Today I got a weird issue that took me quite a long time to figure it out and I would like to share with you guys. Everything started when a brand new DAG was deployed and everything went just fine during the installation process however during the initial testing I noticed a RPC averaged latency performance counter really high.
In the figure below you can see how bad was it and I the server had just a few users that were part of my pre-pilot phase.
I’ve done a couple of tests, as follows:
– First, I ran the Get-MailboxDatabaseCopyStatus and everything was golden
– I moved the databases to a single node, and then noticed that the utilization kept the same
– I restarted the RPC Client access and the same issue were the performance counter didn’t change (expected)
– I restarted the Information Store and then the performance counter went to 0 but as soon as I moved any DB the number would increase again.

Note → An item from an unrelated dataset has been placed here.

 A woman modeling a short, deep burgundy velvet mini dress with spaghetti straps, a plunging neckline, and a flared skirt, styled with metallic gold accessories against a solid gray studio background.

– I ran Test-ReplicationHealth and no issues at all
– I use PAL tool to analyse performance and the disks were just fine
– I ran netstat to see the connections and nothing was outstanding
– Exchange Best Practices Analyzer
In this environment that I was working they have a LTM (Local Traffic Manager) and then I noticed that I could access the Domain Controller (\\unc) however I couldn’t ping. I double check and there was a SNAT and a Virtual Server were in place, the missing piece was the ability to ping the Domain Controllers, so in a F5 we should go to System / Configuration / Local Traffic and change the default behaviour of the box to All traffic in the SNAT Packet Forwarding setting.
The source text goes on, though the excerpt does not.